Requirement: Leaving the images aside, transcribe all the data below exactly.

Data:
Segment Open

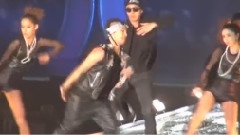 Look Only At Me & Wedding Dress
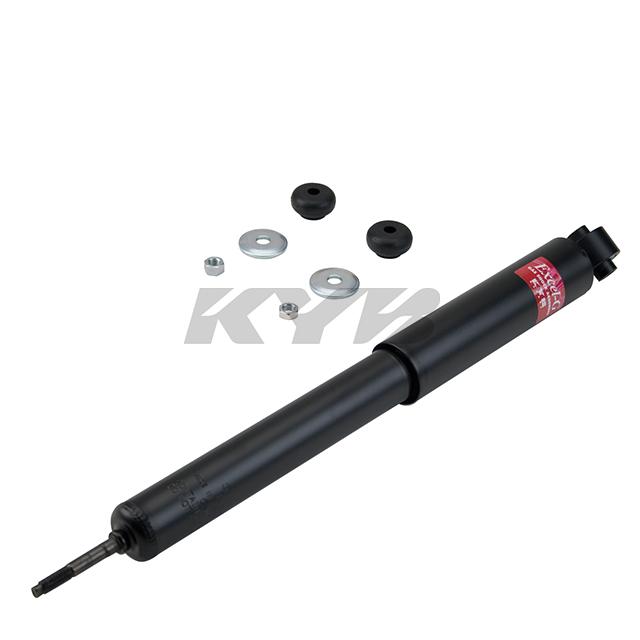 Picture of KYB Shocks & Struts Excel-G Rear CHRYSLER Cordoba 1977-83 CHRYSLER Fifth Avenue 1983-89 CHRYSLER Imp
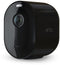 Arlo Pro 4 - Spotlight Camera - 2K HDR - Zwart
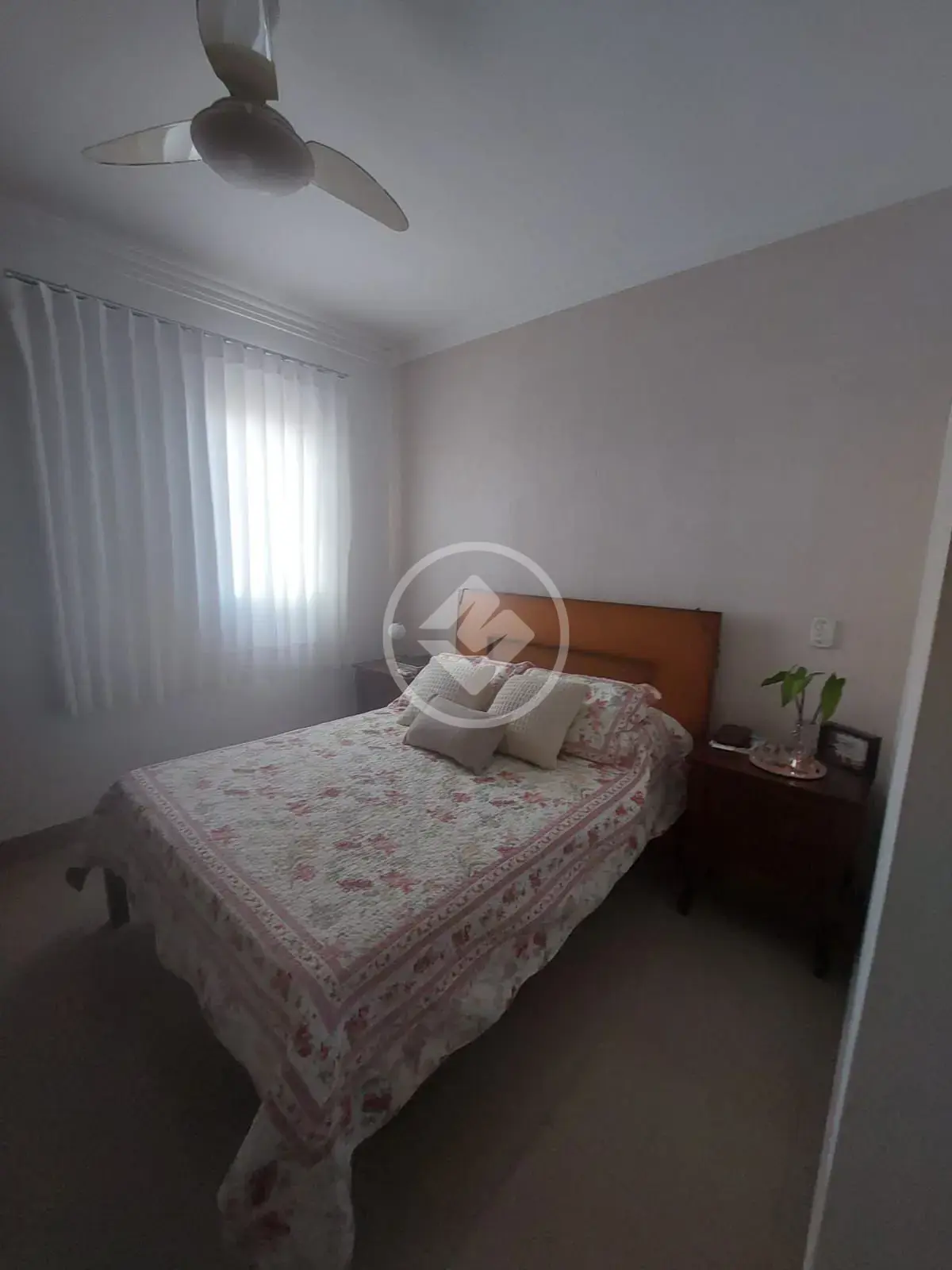 Apartamento 3 quartos no Goiabeira, Cuiabá — foto 6 de 6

Segment Closed

Task response:
 Look Only At Me & Wedding Dress
 Picture of KYB Shocks & Struts Excel-G Rear CHRYSLER Cordoba 1977-83 CHRYSLER Fifth Avenue 1983-89 CHRYSLER Imp
 Arlo Pro 4 - Spotlight Camera - 2K HDR - Zwart
 Apartamento 3 quartos no Goiabeira, Cuiabá — foto 6 de 6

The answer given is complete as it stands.